##### DATA FOR REVIEW

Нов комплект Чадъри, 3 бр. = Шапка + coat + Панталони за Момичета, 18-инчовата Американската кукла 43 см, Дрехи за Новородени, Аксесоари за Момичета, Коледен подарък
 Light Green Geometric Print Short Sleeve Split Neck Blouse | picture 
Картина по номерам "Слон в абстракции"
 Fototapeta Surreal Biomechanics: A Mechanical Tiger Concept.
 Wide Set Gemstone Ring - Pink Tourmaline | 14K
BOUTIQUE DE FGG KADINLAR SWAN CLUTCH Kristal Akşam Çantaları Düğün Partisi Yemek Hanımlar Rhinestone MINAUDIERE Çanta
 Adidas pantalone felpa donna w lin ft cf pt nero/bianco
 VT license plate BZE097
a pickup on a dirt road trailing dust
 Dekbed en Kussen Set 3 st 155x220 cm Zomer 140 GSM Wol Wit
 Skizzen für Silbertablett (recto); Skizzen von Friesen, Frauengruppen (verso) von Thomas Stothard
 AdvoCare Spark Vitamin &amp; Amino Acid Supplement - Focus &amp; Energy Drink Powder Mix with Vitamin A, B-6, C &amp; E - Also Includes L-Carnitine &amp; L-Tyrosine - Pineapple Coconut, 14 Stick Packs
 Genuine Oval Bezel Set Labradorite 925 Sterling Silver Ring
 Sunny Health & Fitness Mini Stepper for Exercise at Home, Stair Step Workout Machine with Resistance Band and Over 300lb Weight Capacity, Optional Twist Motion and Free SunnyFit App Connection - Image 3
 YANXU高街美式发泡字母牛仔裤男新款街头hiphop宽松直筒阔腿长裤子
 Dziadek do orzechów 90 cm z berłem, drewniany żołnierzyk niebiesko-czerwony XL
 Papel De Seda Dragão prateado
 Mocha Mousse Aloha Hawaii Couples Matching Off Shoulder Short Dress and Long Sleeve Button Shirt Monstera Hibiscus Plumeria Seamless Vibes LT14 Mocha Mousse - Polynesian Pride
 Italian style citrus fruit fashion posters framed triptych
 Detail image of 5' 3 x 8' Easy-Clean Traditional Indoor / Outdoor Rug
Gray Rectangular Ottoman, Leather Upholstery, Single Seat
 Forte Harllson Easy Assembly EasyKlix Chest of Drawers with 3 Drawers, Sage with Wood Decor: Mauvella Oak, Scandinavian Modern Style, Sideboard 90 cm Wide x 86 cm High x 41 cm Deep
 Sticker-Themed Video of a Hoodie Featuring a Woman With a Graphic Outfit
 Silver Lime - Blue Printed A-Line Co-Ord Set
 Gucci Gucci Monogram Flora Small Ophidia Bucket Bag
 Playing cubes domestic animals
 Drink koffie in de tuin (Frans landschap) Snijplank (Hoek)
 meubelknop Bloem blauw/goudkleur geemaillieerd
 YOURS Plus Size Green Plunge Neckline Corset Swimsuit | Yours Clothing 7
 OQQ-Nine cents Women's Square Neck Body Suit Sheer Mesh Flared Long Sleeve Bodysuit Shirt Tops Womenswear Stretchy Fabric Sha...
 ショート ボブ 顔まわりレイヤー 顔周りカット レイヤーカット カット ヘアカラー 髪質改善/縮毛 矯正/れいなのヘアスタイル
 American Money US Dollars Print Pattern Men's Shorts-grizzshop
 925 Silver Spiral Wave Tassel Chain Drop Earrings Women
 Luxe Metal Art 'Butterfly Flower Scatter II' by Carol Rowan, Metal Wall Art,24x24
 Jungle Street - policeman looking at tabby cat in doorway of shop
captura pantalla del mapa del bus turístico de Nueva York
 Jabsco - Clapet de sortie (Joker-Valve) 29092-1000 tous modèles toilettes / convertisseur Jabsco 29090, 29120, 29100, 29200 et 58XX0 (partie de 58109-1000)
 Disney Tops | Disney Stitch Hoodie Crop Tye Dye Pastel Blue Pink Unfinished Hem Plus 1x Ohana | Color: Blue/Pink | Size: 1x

##########

• PROMPT
Reproduce the material above without altering a single character.

• ANSWER TO THE PROBLEM
Нов комплект Чадъри, 3 бр. = Шапка + coat + Панталони за Момичета, 18-инчовата Американската кукла 43 см, Дрехи за Новородени, Аксесоари за Момичета, Коледен подарък
 Light Green Geometric Print Short Sleeve Split Neck Blouse | picture 
Картина по номерам "Слон в абстракции"
 Fototapeta Surreal Biomechanics: A Mechanical Tiger Concept.
 Wide Set Gemstone Ring - Pink Tourmaline | 14K
BOUTIQUE DE FGG KADINLAR SWAN CLUTCH Kristal Akşam Çantaları Düğün Partisi Yemek Hanımlar Rhinestone MINAUDIERE Çanta
 Adidas pantalone felpa donna w lin ft cf pt nero/bianco
 VT license plate BZE097
a pickup on a dirt road trailing dust
 Dekbed en Kussen Set 3 st 155x220 cm Zomer 140 GSM Wol Wit
 Skizzen für Silbertablett (recto); Skizzen von Friesen, Frauengruppen (verso) von Thomas Stothard
 AdvoCare Spark Vitamin &amp; Amino Acid Supplement - Focus &amp; Energy Drink Powder Mix with Vitamin A, B-6, C &amp; E - Also Includes L-Carnitine &amp; L-Tyrosine - Pineapple Coconut, 14 Stick Packs
 Genuine Oval Bezel Set Labradorite 925 Sterling Silver Ring
 Sunny Health & Fitness Mini Stepper for Exercise at Home, Stair Step Workout Machine with Resistance Band and Over 300lb Weight Capacity, Optional Twist Motion and Free SunnyFit App Connection - Image 3
 YANXU高街美式发泡字母牛仔裤男新款街头hiphop宽松直筒阔腿长裤子
 Dziadek do orzechów 90 cm z berłem, drewniany żołnierzyk niebiesko-czerwony XL
 Papel De Seda Dragão prateado
 Mocha Mousse Aloha Hawaii Couples Matching Off Shoulder Short Dress and Long Sleeve Button Shirt Monstera Hibiscus Plumeria Seamless Vibes LT14 Mocha Mousse - Polynesian Pride
 Italian style citrus fruit fashion posters framed triptych
 Detail image of 5' 3 x 8' Easy-Clean Traditional Indoor / Outdoor Rug
Gray Rectangular Ottoman, Leather Upholstery, Single Seat
 Forte Harllson Easy Assembly EasyKlix Chest of Drawers with 3 Drawers, Sage with Wood Decor: Mauvella Oak, Scandinavian Modern Style, Sideboard 90 cm Wide x 86 cm High x 41 cm Deep
 Sticker-Themed Video of a Hoodie Featuring a Woman With a Graphic Outfit
 Silver Lime - Blue Printed A-Line Co-Ord Set
 Gucci Gucci Monogram Flora Small Ophidia Bucket Bag
 Playing cubes domestic animals
 Drink koffie in de tuin (Frans landschap) Snijplank (Hoek)
 meubelknop Bloem blauw/goudkleur geemaillieerd
 YOURS Plus Size Green Plunge Neckline Corset Swimsuit | Yours Clothing 7
 OQQ-Nine cents Women's Square Neck Body Suit Sheer Mesh Flared Long Sleeve Bodysuit Shirt Tops Womenswear Stretchy Fabric Sha...
 ショート ボブ 顔まわりレイヤー 顔周りカット レイヤーカット カット ヘアカラー 髪質改善/縮毛 矯正/れいなのヘアスタイル
 American Money US Dollars Print Pattern Men's Shorts-grizzshop
 925 Silver Spiral Wave Tassel Chain Drop Earrings Women
 Luxe Metal Art 'Butterfly Flower Scatter II' by Carol Rowan, Metal Wall Art,24x24
 Jungle Street - policeman looking at tabby cat in doorway of shop
captura pantalla del mapa del bus turístico de Nueva York
 Jabsco - Clapet de sortie (Joker-Valve) 29092-1000 tous modèles toilettes / convertisseur Jabsco 29090, 29120, 29100, 29200 et 58XX0 (partie de 58109-1000)
 Disney Tops | Disney Stitch Hoodie Crop Tye Dye Pastel Blue Pink Unfinished Hem Plus 1x Ohana | Color: Blue/Pink | Size: 1x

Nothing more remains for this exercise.